The electoral foreshadowing on Van Hollen's part is another illustration of how often politics is intertwined with national security issues. Republicans went on the offensive in the days following the botched airliner attack, accusing the administration of being soft on terror and launching fundraising appeals based on similar premises. All of which produced an angry (if not belated) response from Democrats, who decried the politicization of a nearly catastrophic incident.

"I think it will backfire," Van Hollen said. "What you are seeing now is that the House and the Senate campaign committees trying to exploit an attempted terrorist attack, to try and raise money off an attempt to blow an airplane out of the sky... I think the American people ought to be appalled by that."

The bet from the DCCC's perspective is that campaigning on issues of national security will be considered more palatable than fundraising off a potential terrorist attack. There certainly is a long-standing precedent for making votes on defense and homeland security funding an electoral issue (see: Bush vs. Kerry, 2004). And for many Democrats, the party's adoption of an offensive posture on such issues is long overdue.

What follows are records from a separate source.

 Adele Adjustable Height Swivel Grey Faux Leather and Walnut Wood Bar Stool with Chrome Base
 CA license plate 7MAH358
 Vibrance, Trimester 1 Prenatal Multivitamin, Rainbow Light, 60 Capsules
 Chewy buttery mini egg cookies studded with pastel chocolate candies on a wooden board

"The Democrats have been strong on national security," Van Hollen said, pushing back against a persistent refrain that the party often fails to match Republican machismo on topics like foreign policy and defense. "In fact what we have said is we have to wage a vigorous battle and smart battle on these national security issues which is why both President Obama in the campaign and most Democrats in Congress have pointed out that the Bush administration's decision to shift resources away from the fight in Afghanistan and to Iraq was a big mistake. We have lost years in the fight against al Qaeda because of that negligent decision."

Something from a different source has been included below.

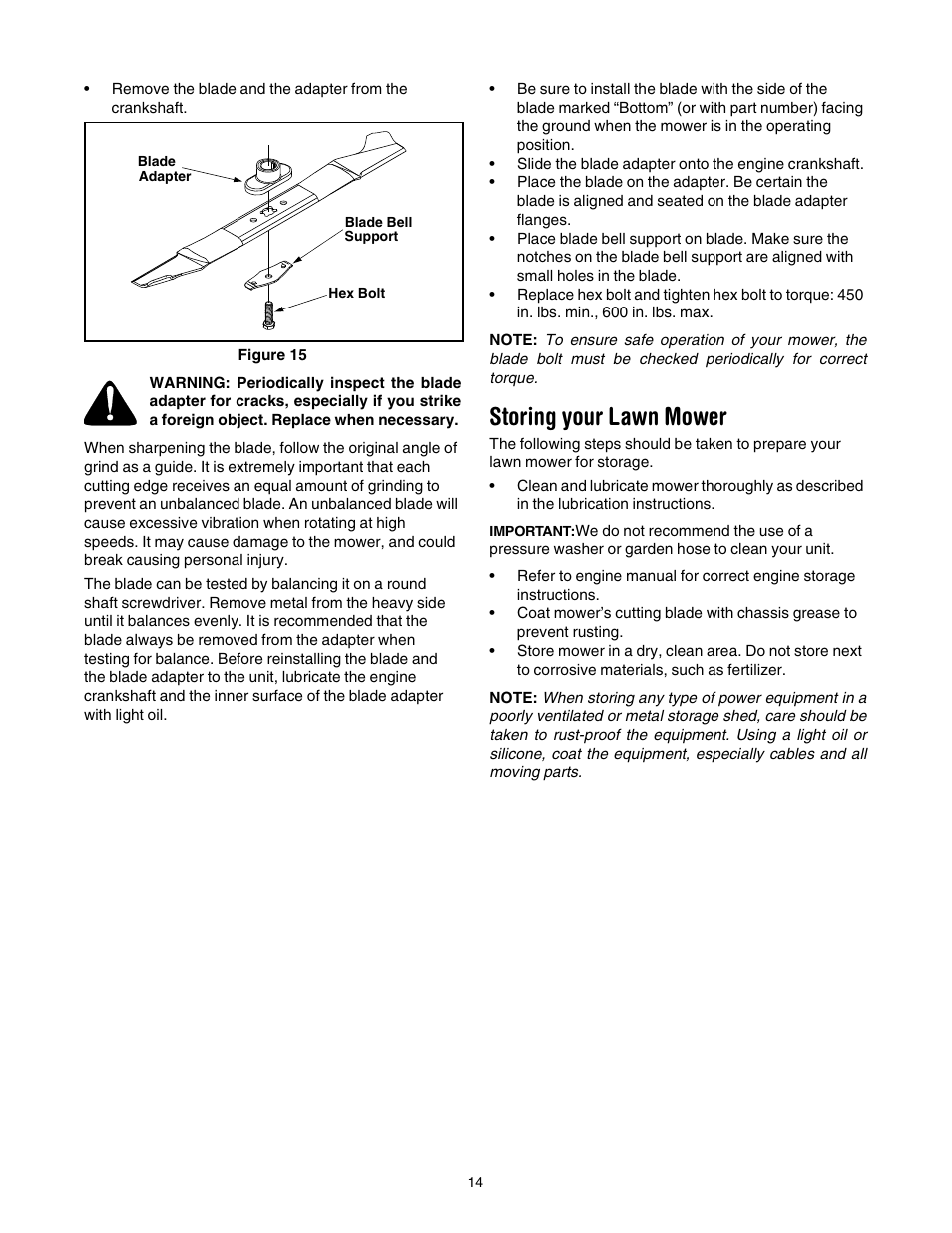 Storing your lawn mower | Bolens Series 544 User Manual | Page 14 / 20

Asked specifically to respond to the remarks of former Vice President Dick Cheney -- who accused Obama of pretending the country was not at war with terrorism -- Van Hollen once again blamed the previous administration for the weakening of American security.

"It's completely hypocritical [for Cheney to make these charges]," he said, "given the fact that the Bush-Cheney team took their eye off the ball when it came to al Qaeda and diverted resources and attention to Iraq where al Qaeda never poised a threat and the fact is, just in general, we are continuing to have to deal with the failure of the Bush-Cheney team to finish the job when it comes to the fight against al Qaeda."